WORK TASK -> Look below for the line containing "13-662 Ansichtskarte Altenburg" and the line containing "MACKENZIE-CHILDS Enamel Utensil", then set down both and every line between them exactly, without pictures.

SOURCE DATA ->
□ □ □
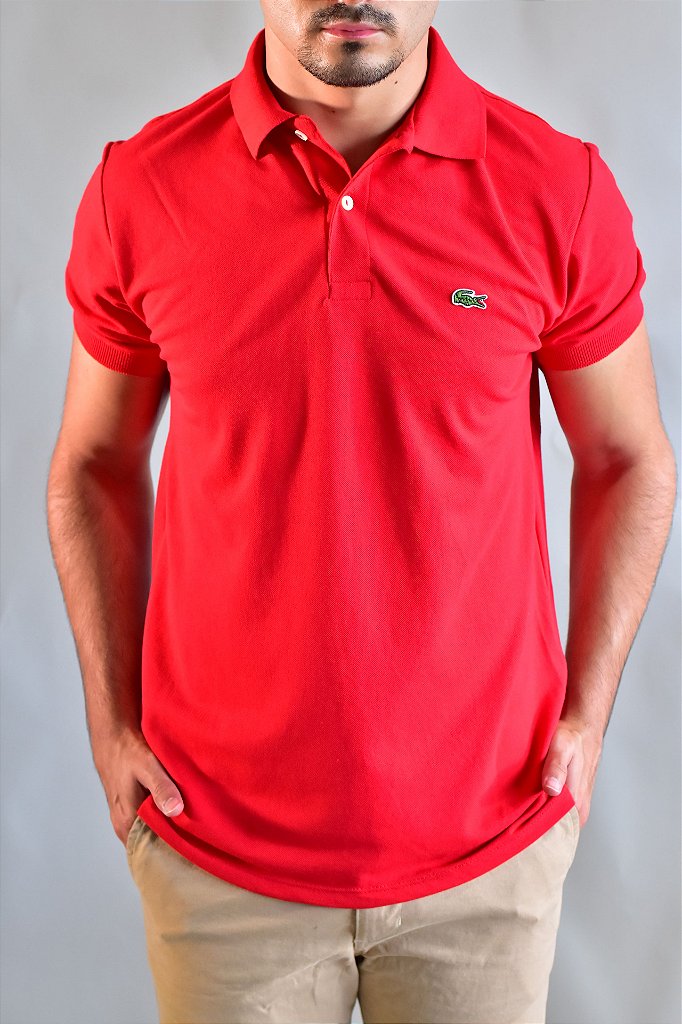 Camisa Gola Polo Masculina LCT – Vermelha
□ □ □
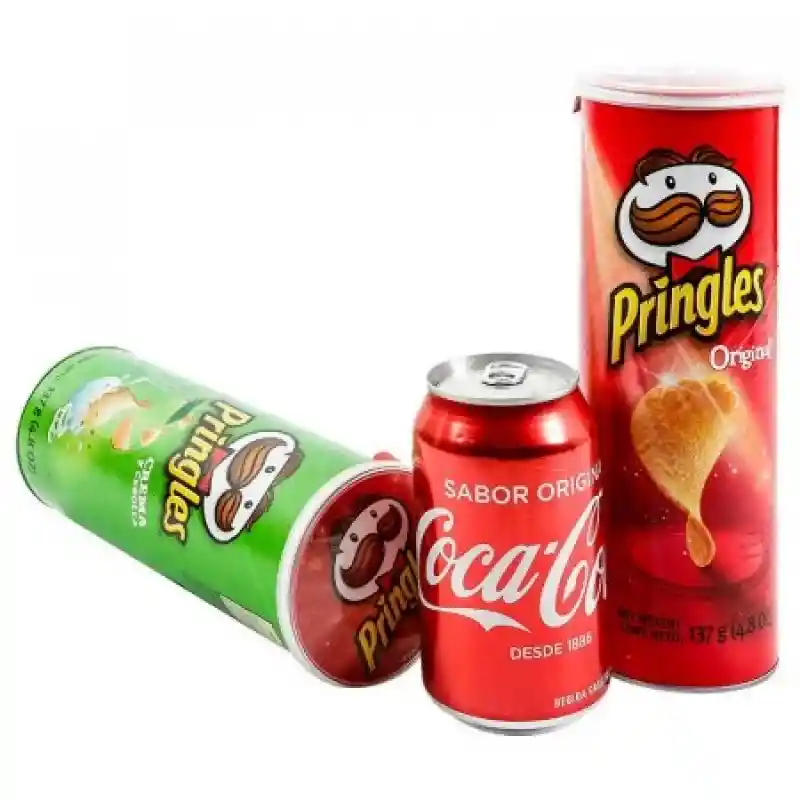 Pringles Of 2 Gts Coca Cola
□ □ □
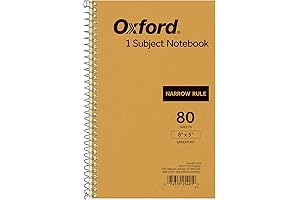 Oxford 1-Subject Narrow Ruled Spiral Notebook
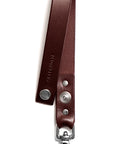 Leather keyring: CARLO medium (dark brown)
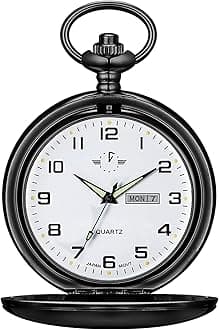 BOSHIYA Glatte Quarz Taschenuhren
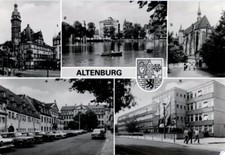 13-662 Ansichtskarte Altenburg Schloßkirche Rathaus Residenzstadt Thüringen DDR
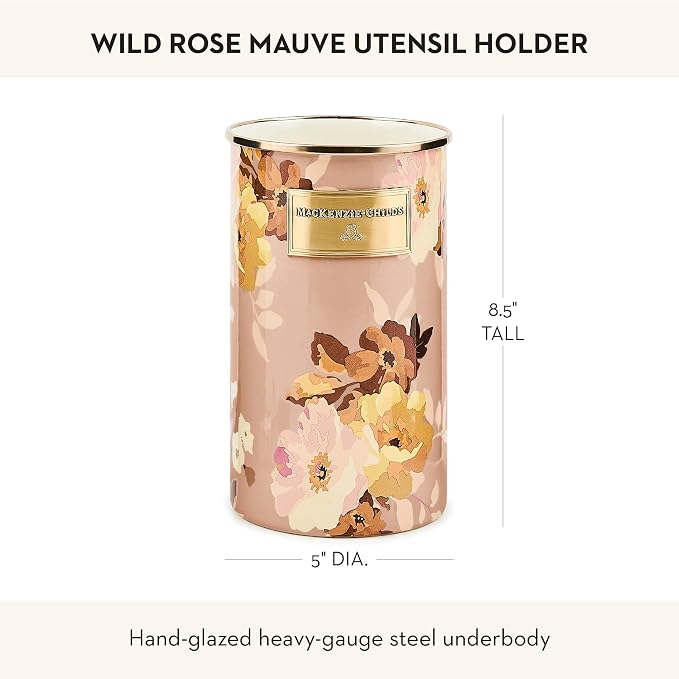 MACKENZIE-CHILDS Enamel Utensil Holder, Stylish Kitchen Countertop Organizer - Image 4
□ □ □
TASK ANSWER ->
 13-662 Ansichtskarte Altenburg Schloßkirche Rathaus Residenzstadt Thüringen DDR
 MACKENZIE-CHILDS Enamel Utensil Holder, Stylish Kitchen Countertop Organizer - Image 4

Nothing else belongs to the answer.